Oregon Health & Science hit with a $2.7 Million HIPAA settlement

Blog Post

The U.S. Department of Health and Human Services (HHS) Office for Civil Rights (OCR) yesterday announced a $2.7 million HIPAA settlement with a large academic health center and research university, Oregon Health & Science (OHSU), which also agreed to implement a comprehensive corrective action plan.

This settlement is noteworthy as a reminder of common OCR enforcement themes revolving around risk analysis and risk management for electronic protected health information (ePHI), as well as the need for business associate agreements and encryption.

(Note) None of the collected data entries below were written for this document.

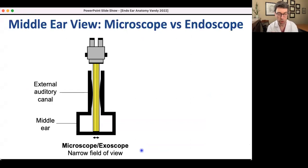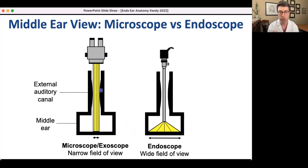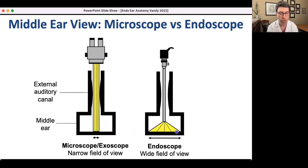A brief overview of the view you get with the microscope versus the endoscope. With the microscope, the view is constricted by the width of the ear canal — the widest view you get is the narrowest point of the canal, so you get a straw-like view of the middle ear. With an endoscope, the optical tip can bypass the narrowest point and you get a very broad, panoramic view, allowing you to see structures in relationship to each other.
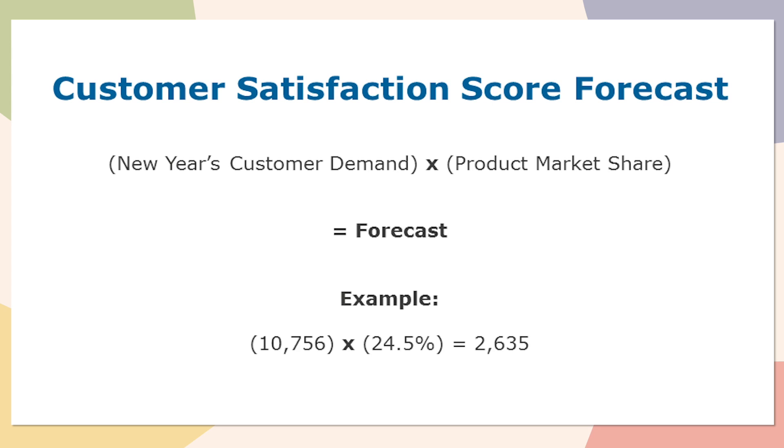Just like the previous example with potential market share, it's very similar here. We need to take the new year's customer demand times our product market share that we just calculated using the satisfaction scores. An example would be taking the $10,756,000 and multiplying that by 24.5%. In that case, my forecast would be 2,635,000 units in the upcoming year.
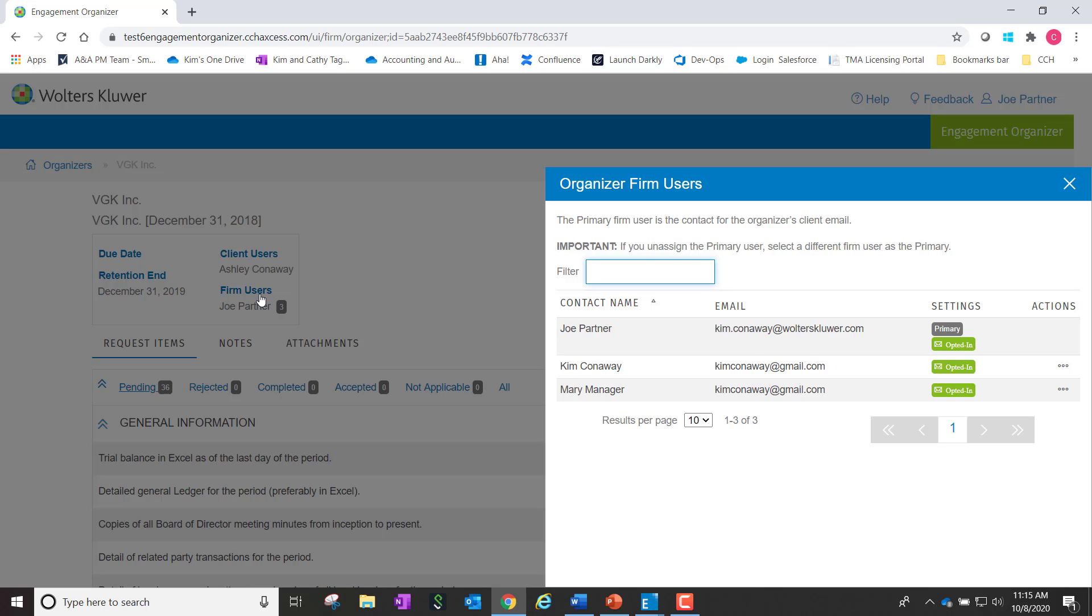Number one, you can set a user as the primary user. Basically if more than one firm user is assigned, you can change the user whose Engagement Organizer's email settings should be used for the body and signature of emails from the firm to the client.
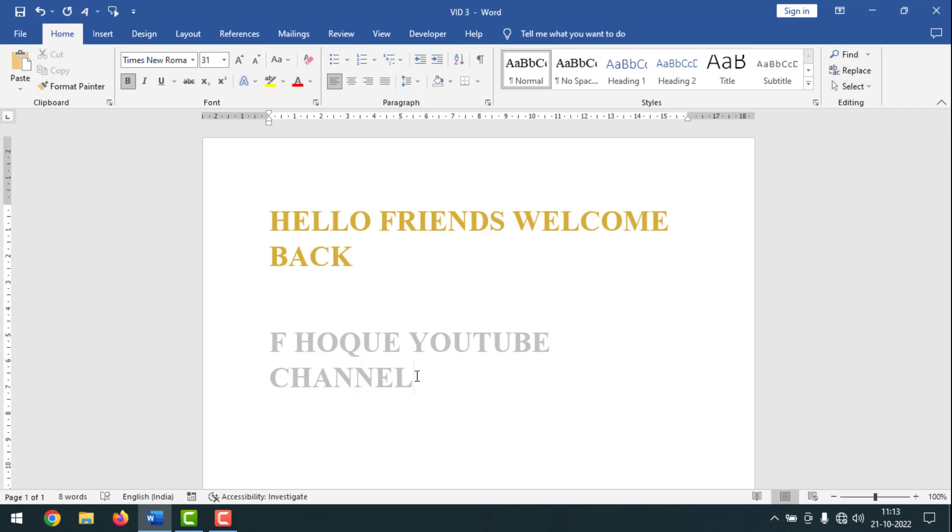If this video is helpful to you, please like, share, comment, and especially subscribe to my YouTube channel and press the bell icon to get next video notifications. Thank you for watching. Hope next time I'll come with another exciting video. Till then, take care. Bye bye.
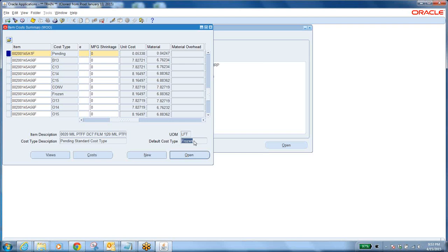While discussing with finance people, they will share knowledge about account distributions for every transaction — you must grasp and remember that. Only an experienced consultant can discuss financial impacts. Otherwise, they'll only talk about scenarios: book the order, pick the order, ship the order, invoice the order. That doesn't show depth of knowledge.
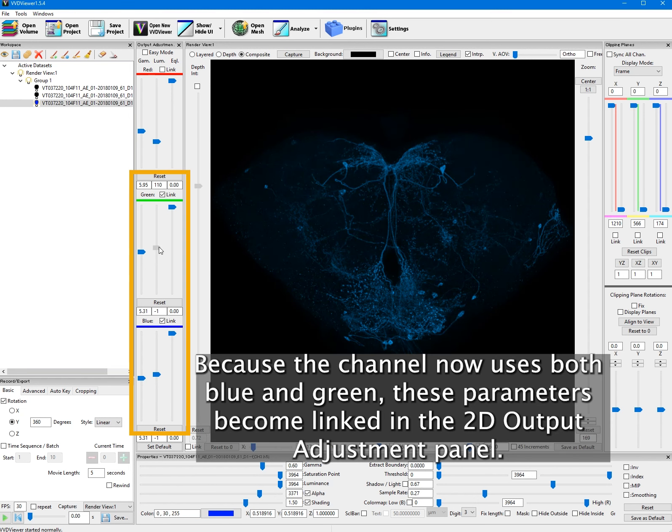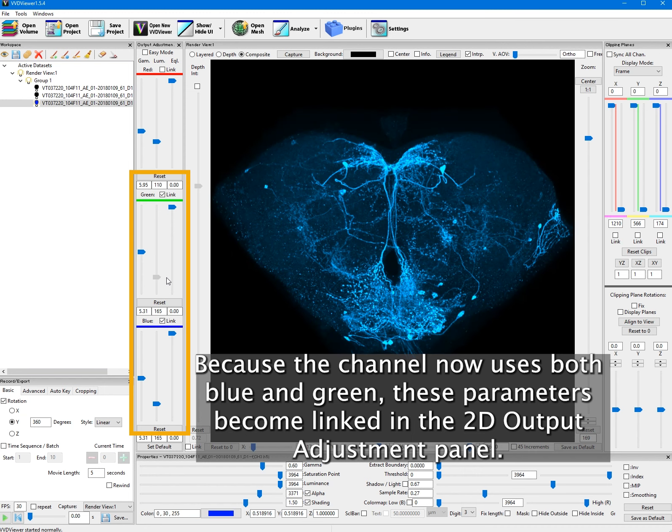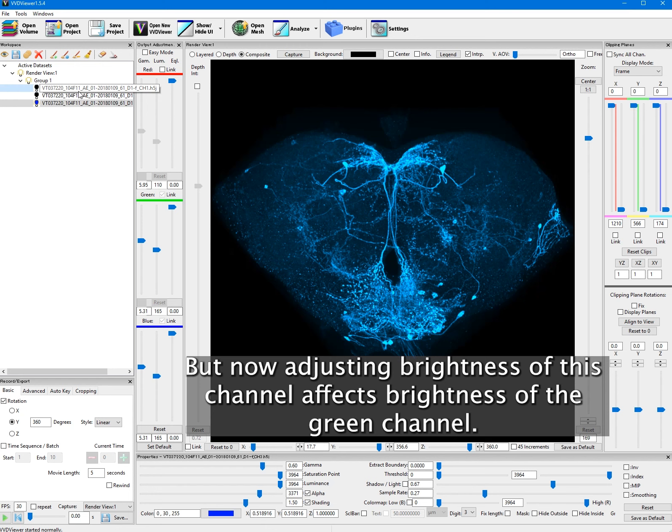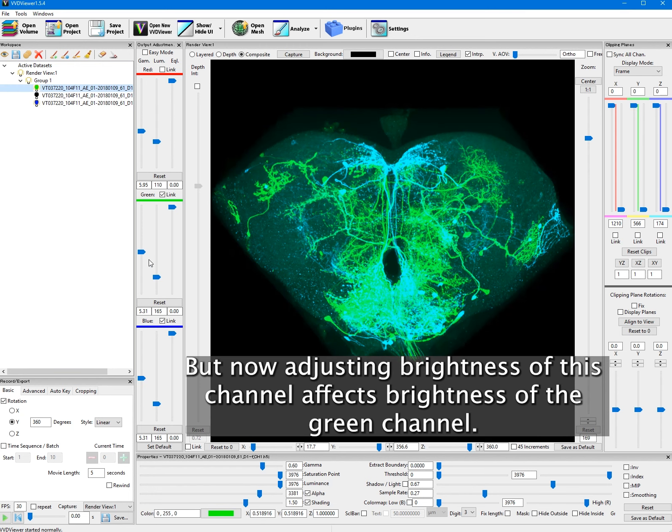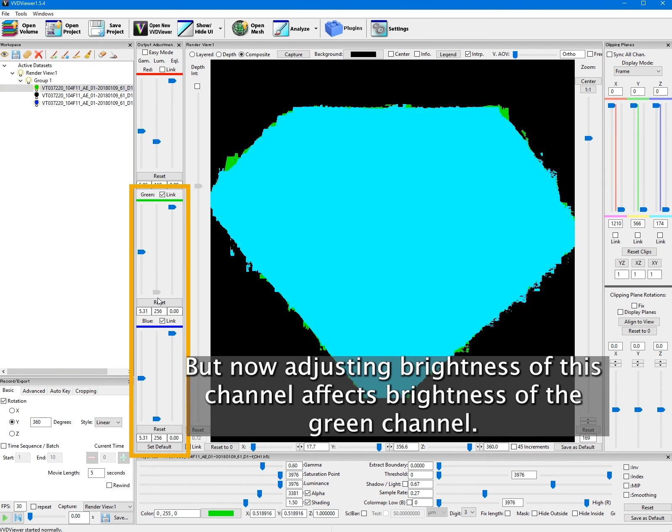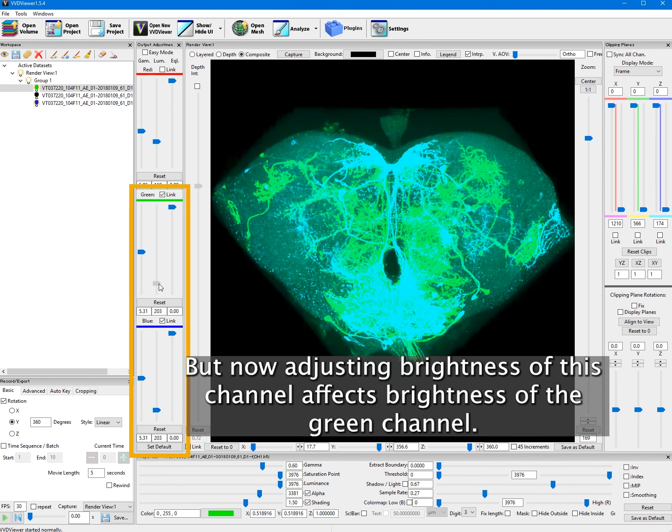Because the channel now uses both blue and green, these parameters become linked in the 2D output adjustment panel. But now adjusting brightness of this channel affects brightness of the green channel.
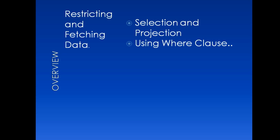Hey guys, today we're going to discuss restricting and fetching data. Under this, our topic will be selection and projection using WHERE clause.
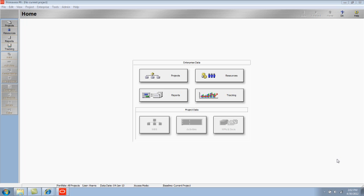This video demonstrates how to set up roles in Primavera P6. Before we set up the role, let's have a definition.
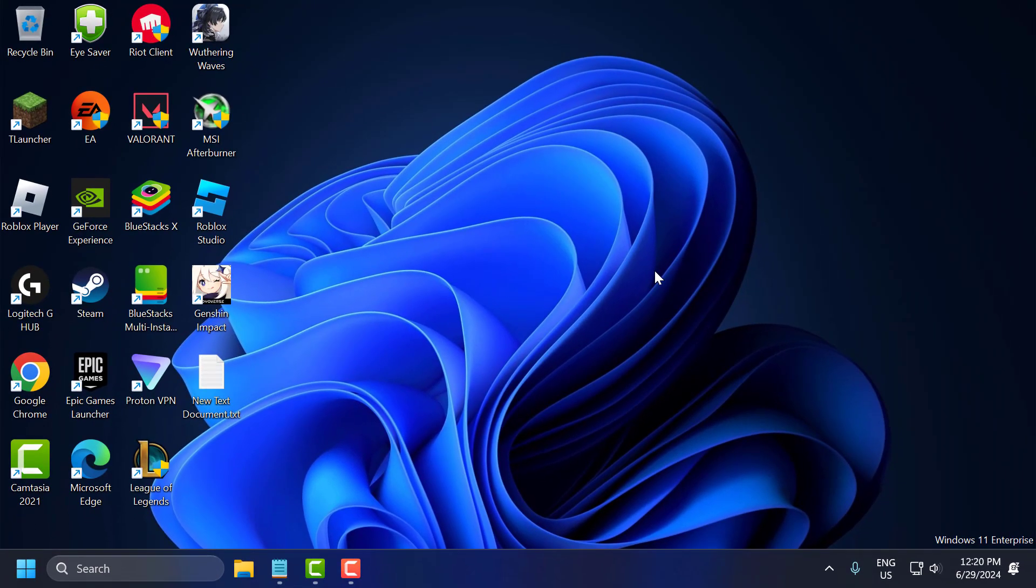After finishing these steps, you need to restart your PC. After restarting, you can check if the problem is solved or not. I hope one of these solutions fixed your problem.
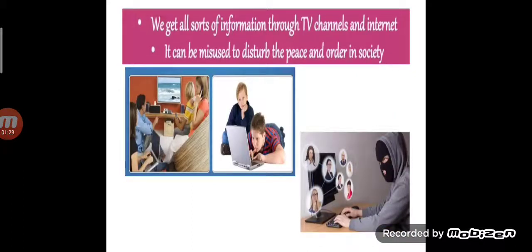The second disadvantage is we get all sorts of information through TV — that is television channels — and the internet. Hence, it is very much misused. We get so much knowledge and information, but hackers are increasing, and the information available on TV channels and internet can be misused to disturb the peace and harmony in the society.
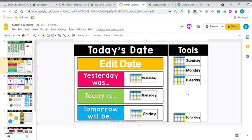Let's read all of these sentences together. Yesterday was Wednesday. Today is Thursday. Tomorrow will be Friday.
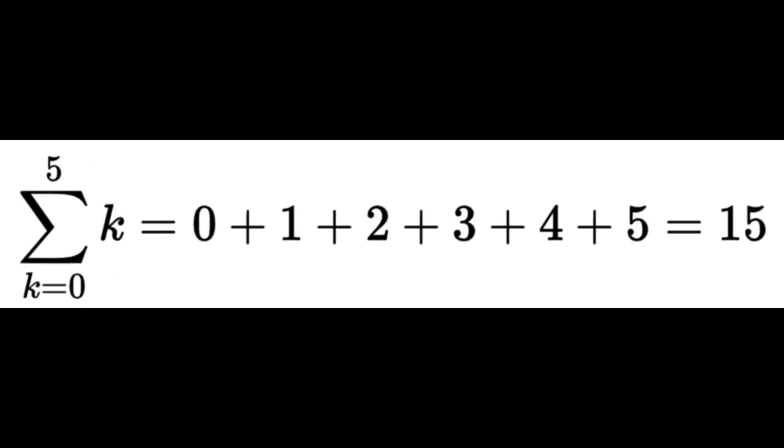Basically, you have a number at the top of the symbol, or a combination of number and a letter. At the bottom of the symbol, we will see a letter which is set to the value of something. Then you increment that letter by one until you reach the value at the top of the symbol and add them all together.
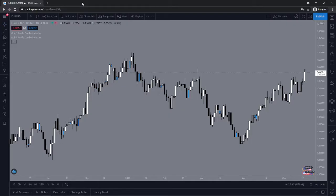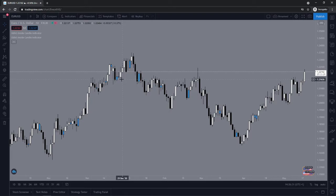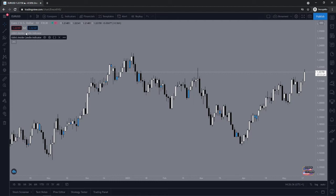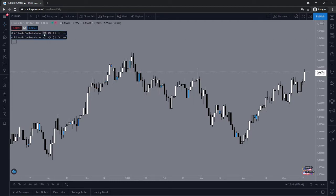So if you have added an indicator and you don't know how to remove it, or you want to get rid of the indicators that are on a brand new chart, what you can do is simply open up any chart you like. As you can see, I've got the inside bar indicator on, and if I want to remove that individually, what I would do is come up to the top left corner here, and as you can see the inside bar indicators are listed.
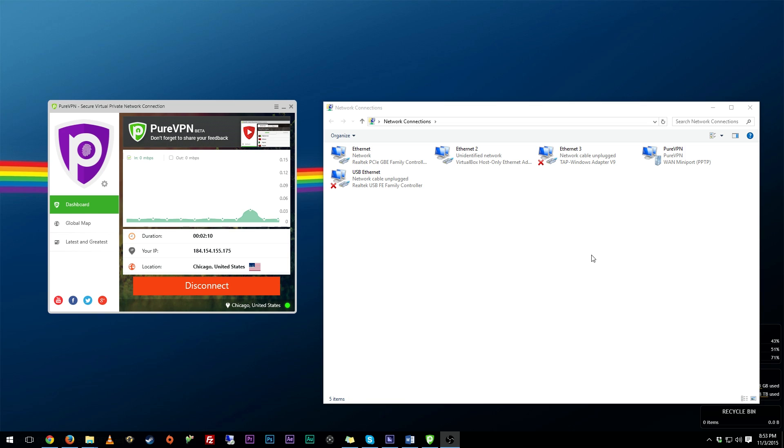I don't advise using a free one. Reason being is that honestly they suck. When it comes to VPNs you really get what you pay for.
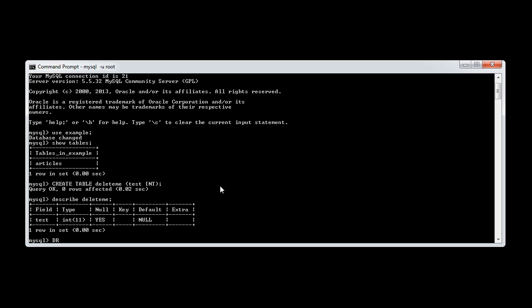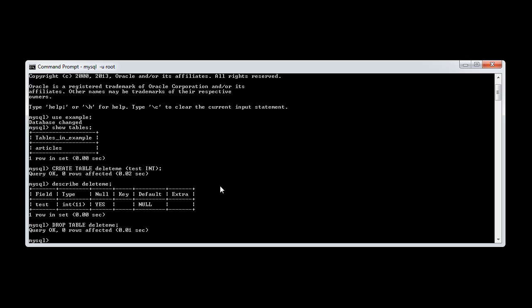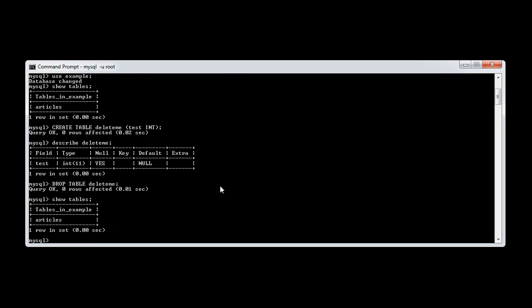All we have to do is say drop table delete me. Query OK. Let's now show tables.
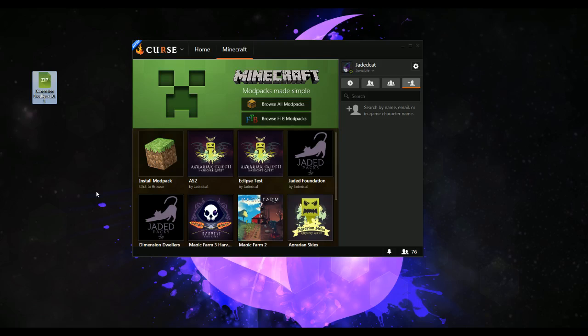Everybody else, if you're on the alpha, try it out. When it comes to beta, then everybody else will get to try it out. If you're a pack creator and you need alpha access, message me on IRC — jadedcat — and we'll see if it's possible. It may be, it may not be. No promises.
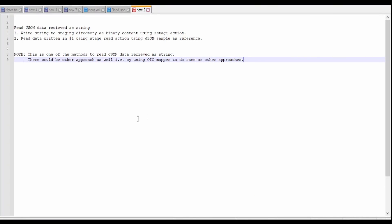Hello and welcome. In this video we are going to learn how to read JSON data which we receive as a string in Oracle Integration.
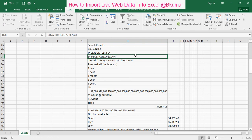By this way you can import live data from web into Excel. Thank you for watching this tutorial. Please subscribe our channel on YouTube. Bye.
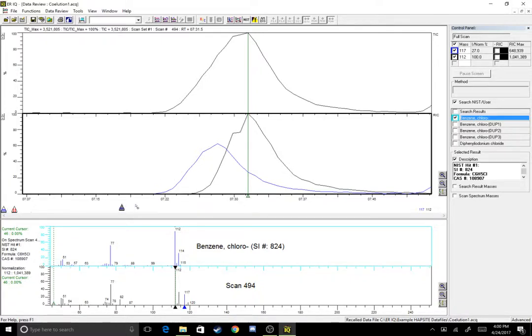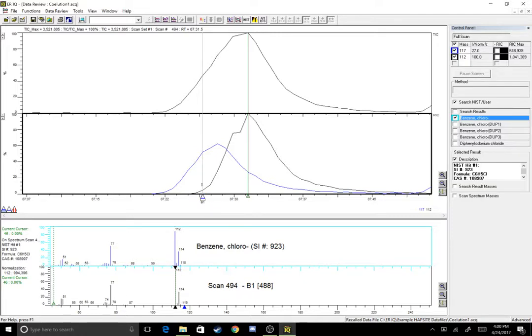So that more or less covers it for how to identify co-elution and then how to get rid of co-elution in ERIQ. Thanks guys.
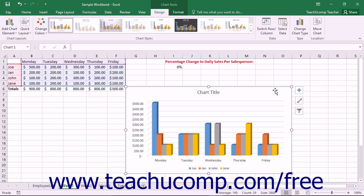When you insert a new chart into a worksheet, it will appear as an embedded chart object within the worksheet. When a chart is embedded within a worksheet, you can move it around within the worksheet and also resize it to the desired size. Before you do this, however, you will need to ensure that you have the chart area selected.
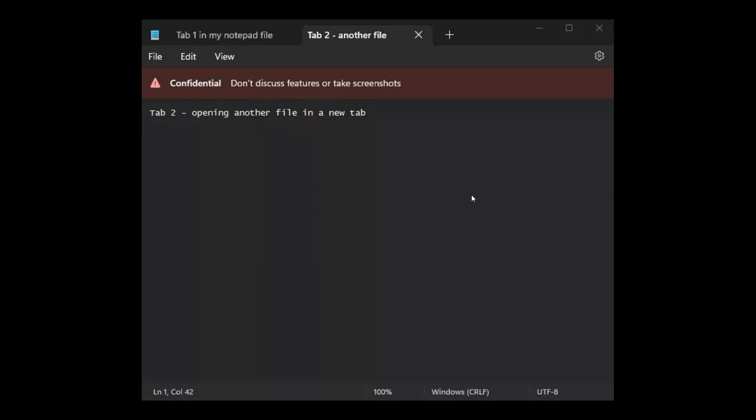And it's not known exactly when the tab support will roll out officially to the public. But if it does, if Microsoft does make this feature available, we could expect it to, first of all, roll out to the Windows 11 insiders.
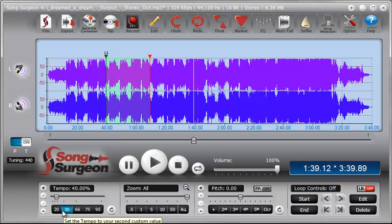So that will conclude this training video on how to use the tempo feature in Song Surgeon version 4. Thank you.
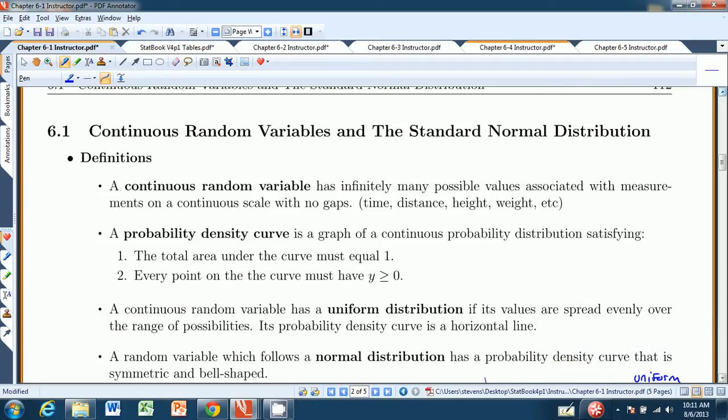Hello and welcome to chapter 6.1 from Stevens's Introduction to Statistics of the Think and Do book. In this chapter we're going to discuss continuous random variables in general, probability density curves, and then specifically the standard normal distribution. We're going to start off with some definitions.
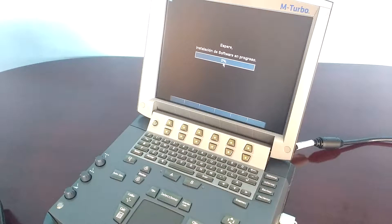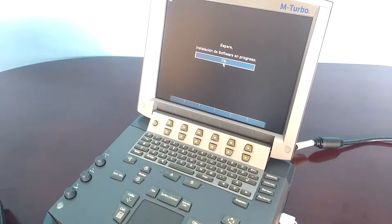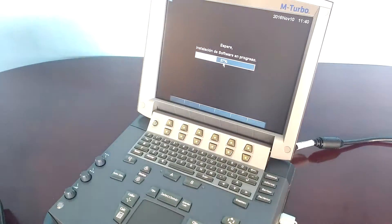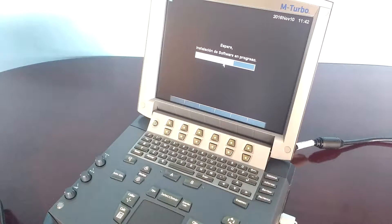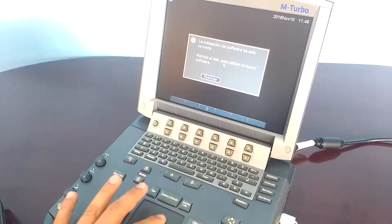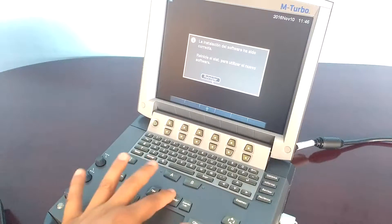I'm going to speed up the video to make it shorter. Click on reboot.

  • Even though OHSU regularly performed risk analysis (six times in 10 years), OCR determined that OHSU’s risk analysis process fell short by failing to cover all ePHI in OHSU’s academic health center and research university, which included two hospitals and multiple clinics throughout Oregon. Furthermore, OHSU failed to implement timely measures to address the risks and vulnerabilities that were documented in the risk analysis process.
  • For the fourth time in the last eight months, OCR has come down hard on a covered entity for allowing business associates to access PHI without entering into a business associate agreement. In this case, OHSU failed to obtain a business associate agreement with an internet-based service provider prior to storing ePHI on a cloud-based server. Those earlier settlements involved payments of $750,000 (Raleigh Orthopaedic Clinic, P.A.), $1.55 million (North Memorial Health Care) and $3.5 million (Triple-S Management Corporation).
  • OCR once again emphasized the importance of encryption as a safeguard, faulting OHSU for its failure to implement a process to encrypt and decrypt ePHI, or an equivalent alternative measure, after identifying lack of encryption as a risk.

OCR Director Jocelyn Samuels warned senior executives and board members that “[t]his settlement underscores the importance of leadership engagement and why it is so critical for the C-suite to take HIPAA compliance seriously.” Risk analysis not only needs to be performed, but also must account for all ePHI within the organization. In addition, the covered entity or business associate must implement adequate safeguards to reduce the identified risks and vulnerabilities to reasonable and appropriate levels.